WHAT YOU HAVE TO DO: Write out again, word for word, the lines below from the line that holds "A2G (A Squared Group) logo" through the line that holds "WWE SmackDown Feb", omitting pictures.

INPUT RECORDS:
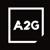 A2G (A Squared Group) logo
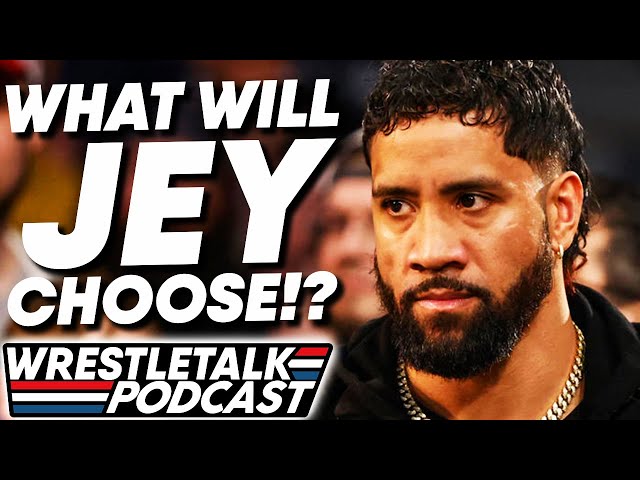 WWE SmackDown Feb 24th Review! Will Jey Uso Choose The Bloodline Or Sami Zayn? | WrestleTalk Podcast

---

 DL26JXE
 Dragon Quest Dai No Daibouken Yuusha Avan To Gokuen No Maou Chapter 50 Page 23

THE COMPLETED TASK:
 A2G (A Squared Group) logo
 WWE SmackDown Feb 24th Review! Will Jey Uso Choose The Bloodline Or Sami Zayn? | WrestleTalk Podcast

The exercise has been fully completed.